The evidence was sufficient to authorize the verdict in favor of the defendant, and the judgment refusing a new trial is therefore not subject to reversal on the general grounds. The following is a copy of the instrument the title to which was in controversy:

“No. 22062. Office of Commissioners of Roads and Revenues, Thomas County, Georgia. Thomasville, Ga. Jany. 14, 1927.

’ “Ordered that the County Depositary pay Mrs.'M. M. Lilly the sum of three thousand five hundred dollars,

Charge to funds noted below

Roads: Bridges: Courthouse: Jail: City Court: Sup. Court: Pauper: General.

For loan to county at 6% due Dec. 31, 1927..........3,500.00. S. L. Heald, Clerk. J. F. Pittman, Chairman C. C. T. C.”
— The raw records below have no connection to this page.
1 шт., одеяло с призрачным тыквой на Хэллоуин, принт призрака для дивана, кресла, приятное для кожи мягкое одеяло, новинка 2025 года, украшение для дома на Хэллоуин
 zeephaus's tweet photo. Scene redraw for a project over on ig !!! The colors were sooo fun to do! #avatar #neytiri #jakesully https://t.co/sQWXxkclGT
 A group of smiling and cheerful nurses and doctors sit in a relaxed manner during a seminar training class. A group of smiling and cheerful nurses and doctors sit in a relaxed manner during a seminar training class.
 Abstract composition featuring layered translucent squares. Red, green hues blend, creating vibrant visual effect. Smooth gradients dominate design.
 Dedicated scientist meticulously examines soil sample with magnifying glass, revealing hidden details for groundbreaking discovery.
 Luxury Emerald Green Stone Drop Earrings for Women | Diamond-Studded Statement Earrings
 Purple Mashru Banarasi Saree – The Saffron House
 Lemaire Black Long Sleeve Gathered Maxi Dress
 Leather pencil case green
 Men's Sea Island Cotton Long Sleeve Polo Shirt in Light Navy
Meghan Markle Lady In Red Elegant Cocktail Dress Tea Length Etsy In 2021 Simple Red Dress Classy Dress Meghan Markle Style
The plaintiff testified that this order or warrant was issued to her by the authorities of Thomas county as evidence of a loan of $3,500 which she made to the county, as indicated by the language and purport of the instrument, and that she authorized the delivery of the warrant for safekeeping to her son-in-law, C. P. Wester, who was cashier of Seminole Bank of Iron City. It further appeared from the evidence that Wester pledged the instrument to the defendant bank and trust company as security for a loan of $3,500, which he then and there obtained from the defendant for the use of Seminole Bank. The loan was made on February 19, 1927, long before the warrant was due, and Seminole Bank closed about May 6 while the loan was outstanding. The defendant made the loan in good faith, believing that the warrant belonged to Wester or the bank which he represented, and he had no information or notice of the claim of Mrs. Lilly until several months thereafter. At the time the warrant was pledged to the defendant it had the name of Mrs. Lilly written across the back of it, and, really, the only dispute in the evidence was as to the genuineness of this indorsement. Mrs. Lilly, the plaintiff, testified positively that she did not indorse the warrant or authorize anyone else to indorse it for her, and that the paper was absolutely unindorsed at the time she parted with it. Two other witnesses, however, compared the handwriting of several admittedly genuine signatures of the plaintiff with that upon the back of the warrant, and gave it as their opinion that the indorsement upon the warrant was made by the same person who executed the several signatures referred to. Each of these witnesses first testified to such facts as would qualify them as experts, and the writings themselves were introduced in evidence for inspection and consideration by the jury.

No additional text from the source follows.